Assignment →
Print the data exactly as written, but leave out each picture.

Data extract →
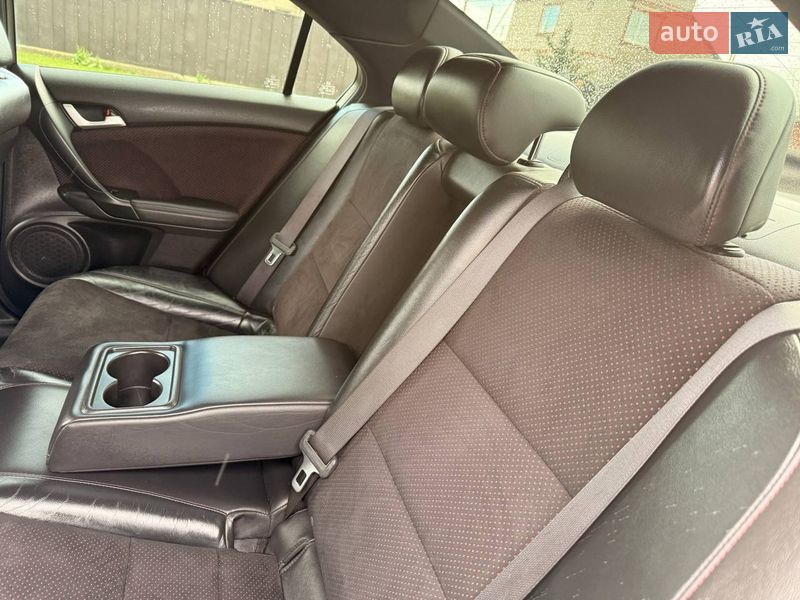 Седан Honda Accord 2012 в Охтирці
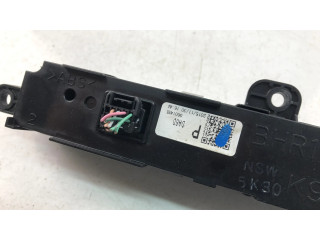 Дисплей BHR155260 Mazda CX-3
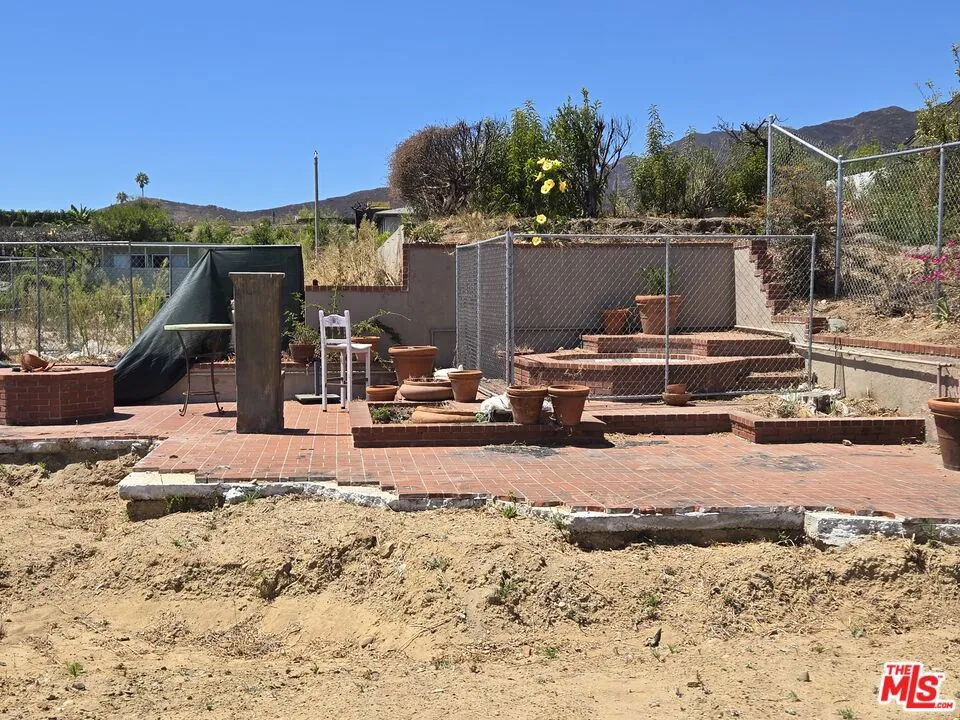 3747 Seahorn Drive Malibu, CA 90265
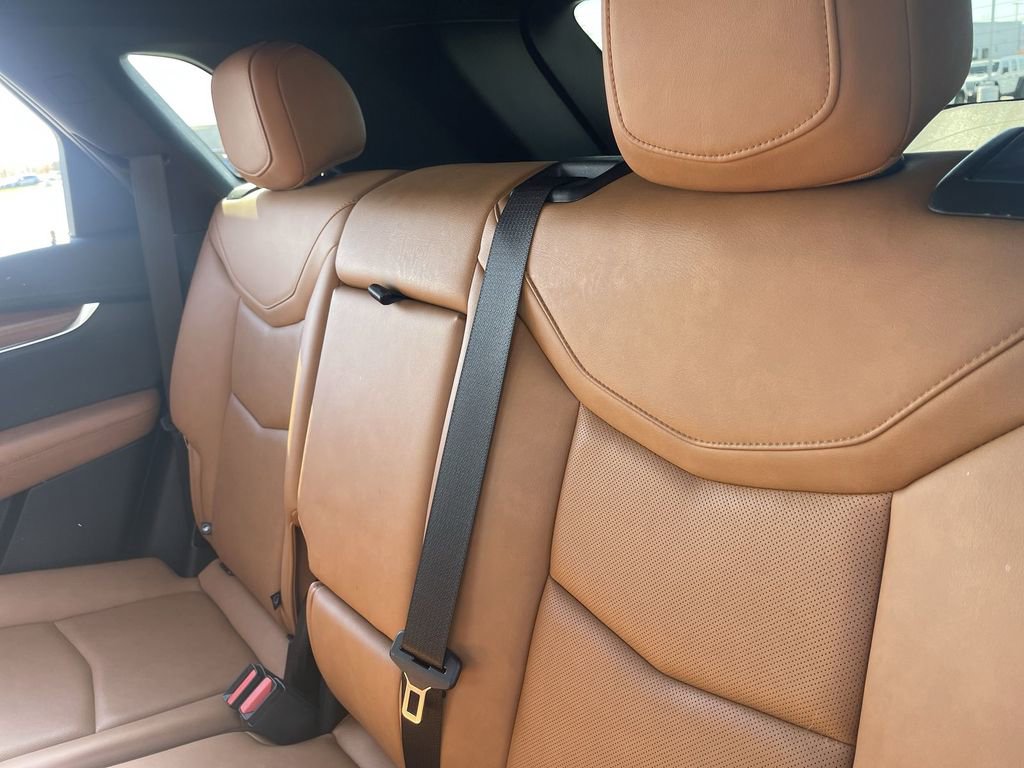Certified 2022 Cadillac XT5 Premium Luxury image 38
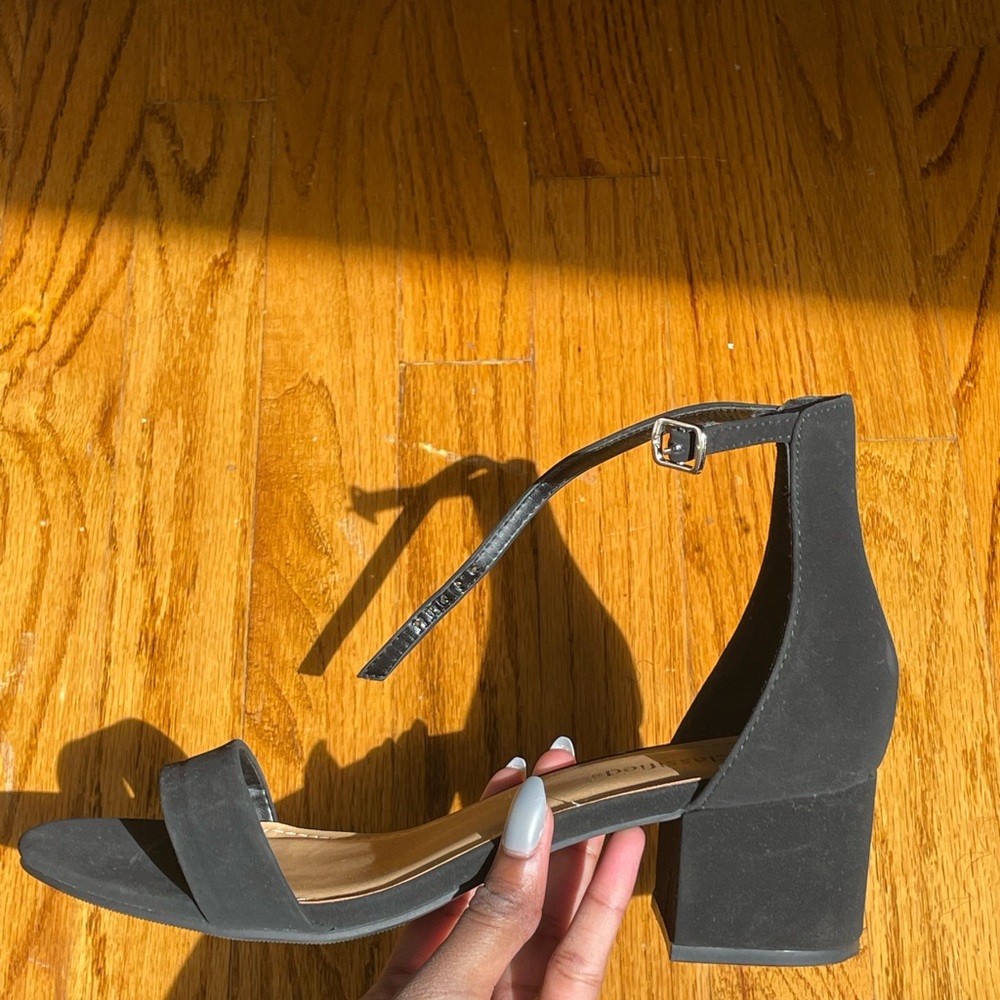 BLACK CHUNKY HEEL 🖤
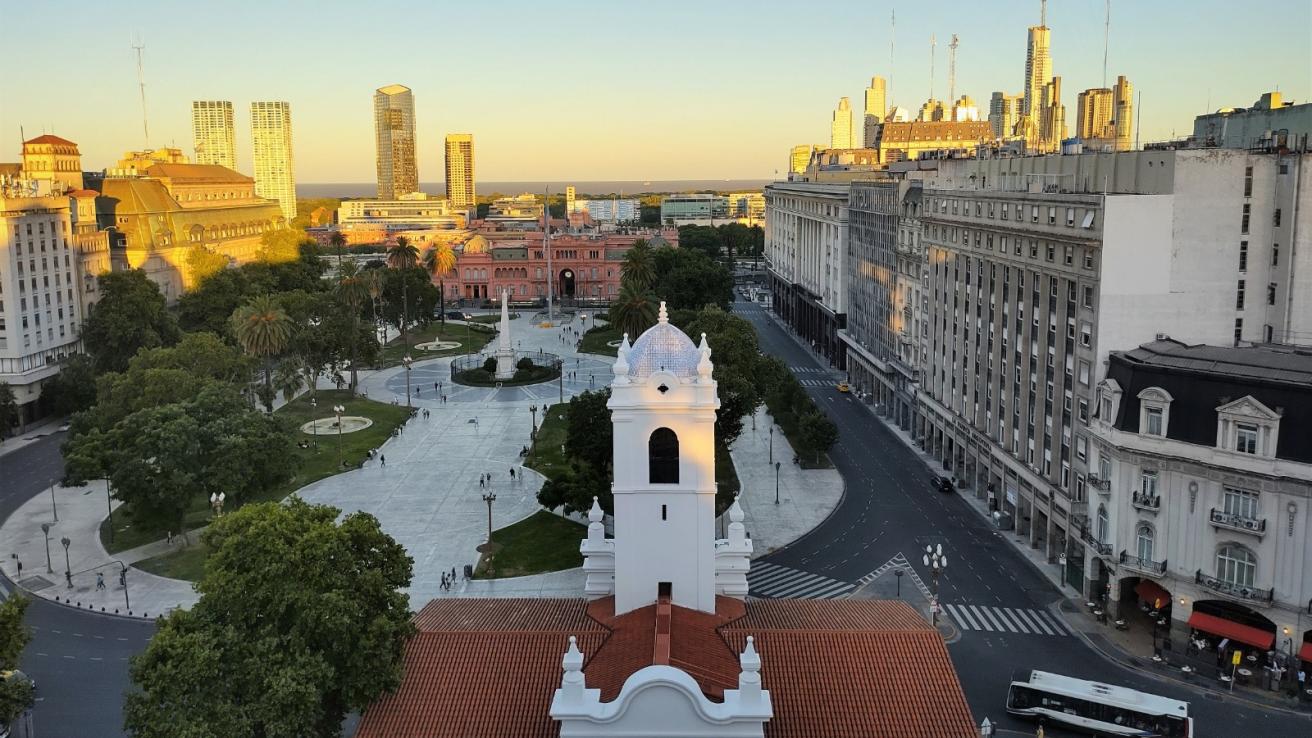 Imagen aerea del cabildo de la ciudad de buenos aires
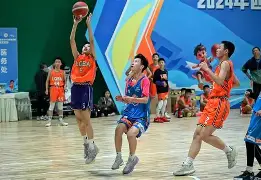 C7娱乐app-新生代球员在比赛中展现出色的表现(新生代球员在比赛中展现出色的表现有哪些)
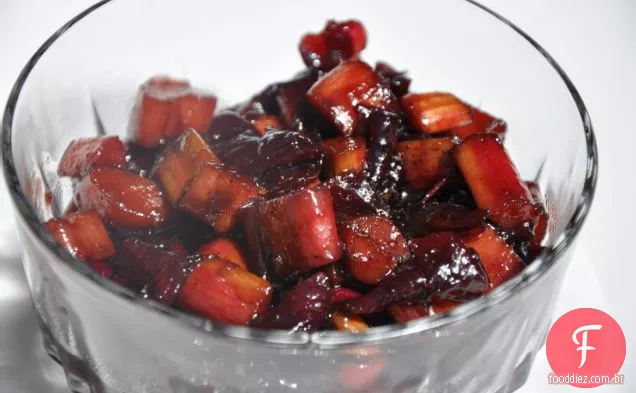 Ruibarbo E Cebola Confit Com Vinagre Balsâmico De Morango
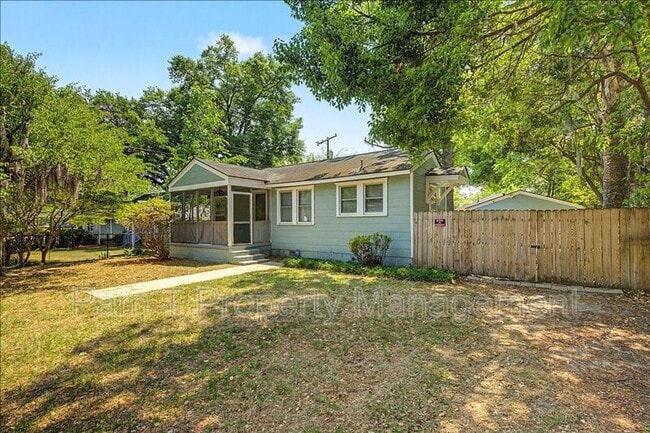 Foto del edificio - 2149 Vermont Ave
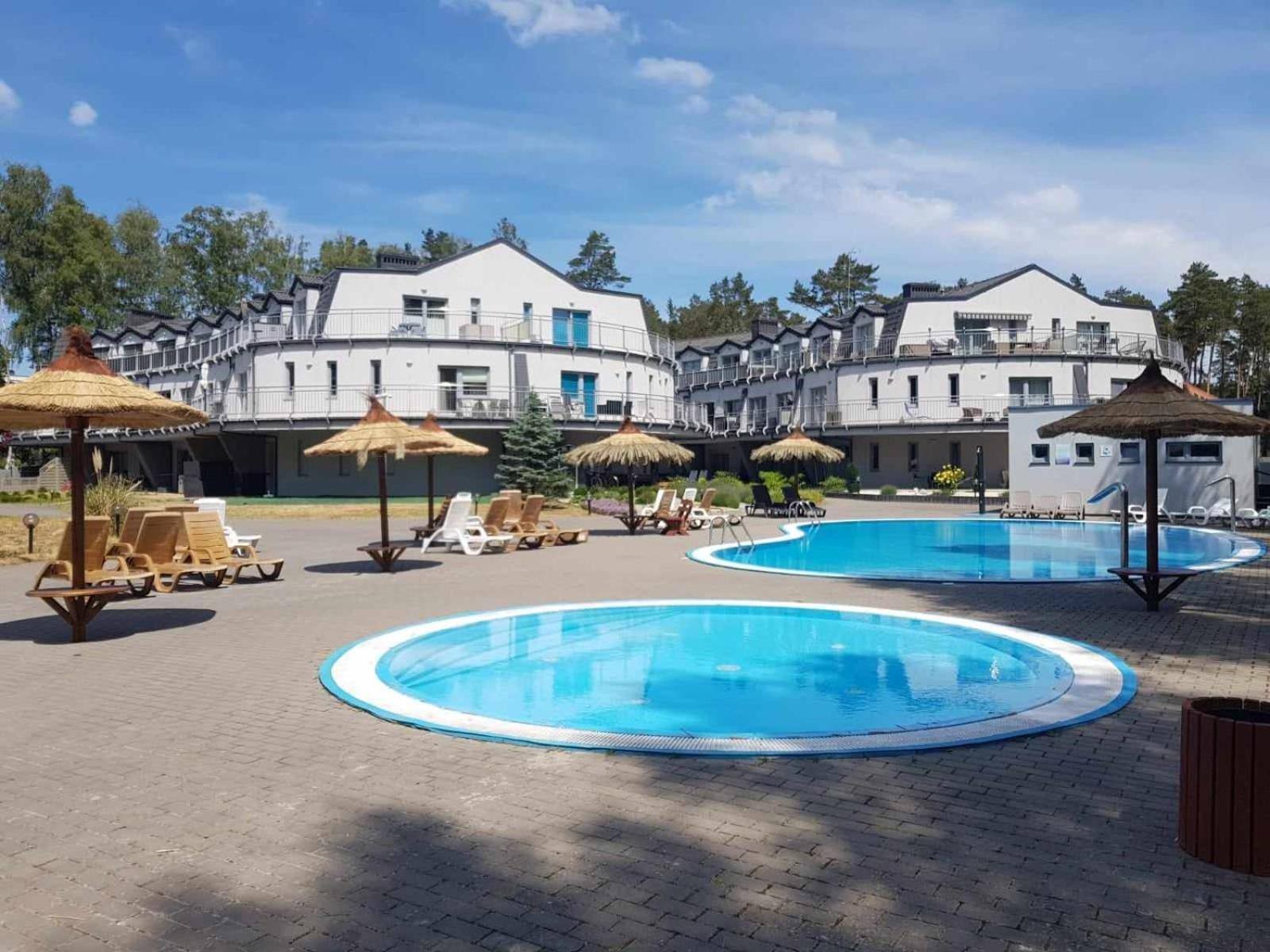 Romantyczny Apartament Happy 16 Basen & Kort Tenisowy, Ochrona 24 H - Dla Maksymalnie 6 Osob Pobierowo Eksteriør billede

Output of the exercise →
 Седан Honda Accord 2012 в Охтирці
 Дисплей BHR155260 Mazda CX-3
 3747 Seahorn Drive Malibu, CA 90265
Certified 2022 Cadillac XT5 Premium Luxury image 38
 BLACK CHUNKY HEEL 🖤
 Imagen aerea del cabildo de la ciudad de buenos aires
 C7娱乐app-新生代球员在比赛中展现出色的表现(新生代球员在比赛中展现出色的表现有哪些)
 Ruibarbo E Cebola Confit Com Vinagre Balsâmico De Morango
 Foto del edificio - 2149 Vermont Ave
 Romantyczny Apartament Happy 16 Basen & Kort Tenisowy, Ochrona 24 H - Dla Maksymalnie 6 Osob Pobierowo Eksteriør billede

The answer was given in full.